What is the GR version of gravitational potential energy?
In GR, the local time rate near massive objects varies compared with the time rate of a distant observer. This effectively causes a fractional change in the rest energy of a test body when it is moved into that potential, which corresponds to the Newtonian potential energy. For the potential at distance r from a central mass M, the relative time rate is approximately (1-GM/rc2) so the potential energy is a fraction -GM/rc2 of the rest energy, or a fraction -GM/r of the test body rest mass, as in Newtonian theory.

This approximate scheme doesn't however work when the potential energy of the source is considered as well as that of a test object, because a simple approximation to GR would suggest that their potential energy due to each other is equal, which means that when the test mass was brought near to the source mass the total energy of the system has been decreased by twice the Newtonian potential energy. In Newtonian theory, we understand that potential energy is a property of the system, so we should only count it for one or the other object, but it is not clear (at least to me) how to correct the GR approximation to allow for this.

Thanks very much for your input. I can see what is meant now by the GR version of gravitational potential energy.

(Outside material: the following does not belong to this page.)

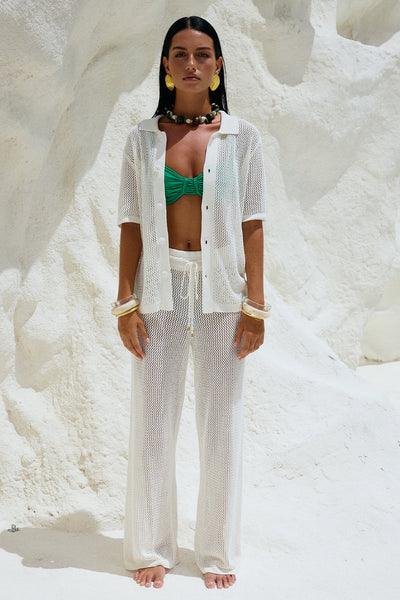 Myrah Pant - White - SHOPJAUS - JAUS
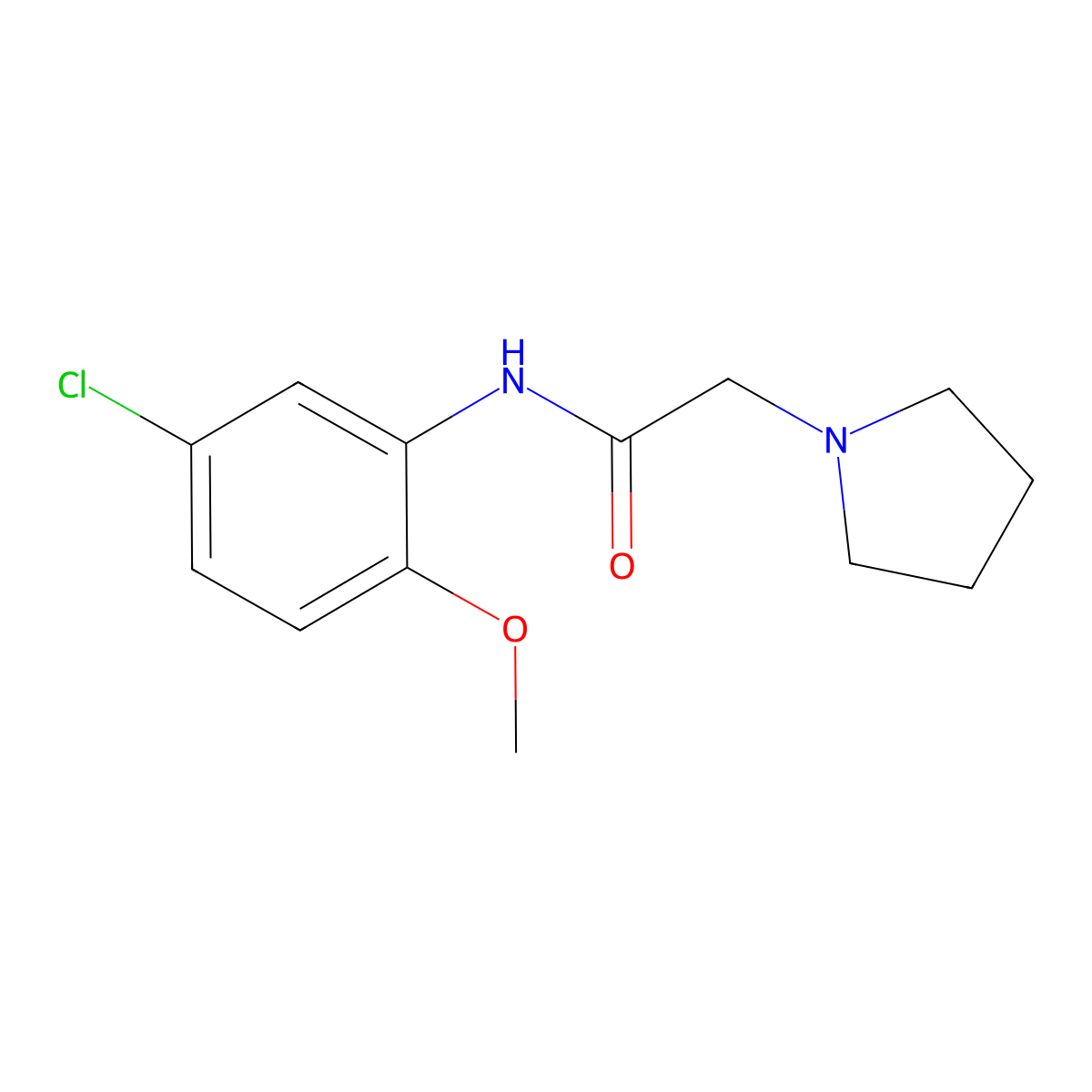 N-(5-Chloro-2-methoxyphenyl)-2-(1-pyrrolidinyl)acetamide molecular structure, CAS 339235-69-7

It is interesting how ‘clock rates’ can be directly translated into potential energy.
Rest energy $$E = (1-\frac{GM}{rc^2})mc^2=mc^2-\frac{GMm}{r}$$

But $$(1-\frac{GM}{rc^2})$$ is a clock rate ratio. Can multiplying a clock rate ratio by mc^2 be justified?

Regarding your last point about GR and twice the potential energy, doesn’t one choose a reference frame in GR? Taking a system wide approach sounds more like a Newtonian approach.

Jonathan Scott
Gold Member
But $$(1-\frac{GM}{rc^2})$$ is a clock rate ratio. Can multiplying a clock rate ratio by mc^2 be justified?
Energy is related to frequency by Planck's constant: $E = h\nu = \hbar \omega$; If time is running slower in one place relative to another, the energy of objects at that place is decreased in the same proportion. For the simplest comparison with Newton's theory, we can take the reference point to be somewhere "distant". As a first order approximation, we can also take the ratio of the clock rate at two points within the potential to get a Newtonian potential difference:

$$\frac{1-Gm/r_1\, c^2}{1-Gm/r_2\, c^2} \approx {1-Gm/{r_1\, c^2} + Gm/{r_2\,c^2}}$$

Regarding your last point about GR and twice the potential energy, doesn’t one choose a reference frame in GR? Taking a system wide approach sounds more like a Newtonian approach.
In both Newtonian theory and GR, energy is relative to a particular observer frame. Making it add up in a sensible way in GR is an extremely advanced and somewhat speculative topic.